Modifying Tables Online – Part 2: Implementation Example

Filed under: SQLServerPedia Syndication,Technical Articles — Tags: , , — Michael J. Swart @ 12:00 pm

SERIES: Modifying Tables Online

In the next few days I want to describe a way to modify the definition of very large tables while keeping the table available for other queries. Some table changes are already online operations. But offline changes need extra work to keep the table available. I explore one way to do that in this series.

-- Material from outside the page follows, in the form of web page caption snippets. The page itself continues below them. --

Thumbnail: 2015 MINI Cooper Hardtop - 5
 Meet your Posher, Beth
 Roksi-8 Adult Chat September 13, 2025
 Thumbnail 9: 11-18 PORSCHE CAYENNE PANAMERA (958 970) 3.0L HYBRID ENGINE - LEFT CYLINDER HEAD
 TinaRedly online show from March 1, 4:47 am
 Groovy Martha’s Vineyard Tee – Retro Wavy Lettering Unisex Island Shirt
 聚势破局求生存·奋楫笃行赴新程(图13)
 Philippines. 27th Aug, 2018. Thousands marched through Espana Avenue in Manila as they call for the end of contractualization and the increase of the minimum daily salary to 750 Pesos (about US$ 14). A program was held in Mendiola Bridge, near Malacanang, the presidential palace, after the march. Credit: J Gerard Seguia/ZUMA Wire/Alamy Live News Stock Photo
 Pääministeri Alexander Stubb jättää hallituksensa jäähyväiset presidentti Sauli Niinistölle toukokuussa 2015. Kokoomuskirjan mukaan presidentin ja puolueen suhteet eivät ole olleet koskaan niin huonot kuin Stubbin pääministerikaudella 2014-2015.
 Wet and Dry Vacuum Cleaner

This article used to be a single blog post, but I broke it into four parts because it seemed too long. Read Part 1, and understand the strategy I’m using. Treat Parts 2-4 as appendixes. When you want to use this plan (or one like it), come back and use them as examples. You won’t be able to make use of the examples by cutting and pasting directly (unless you happen to be running an bike equipment store called Adventureworks), but modifications shouldn’t be too hard.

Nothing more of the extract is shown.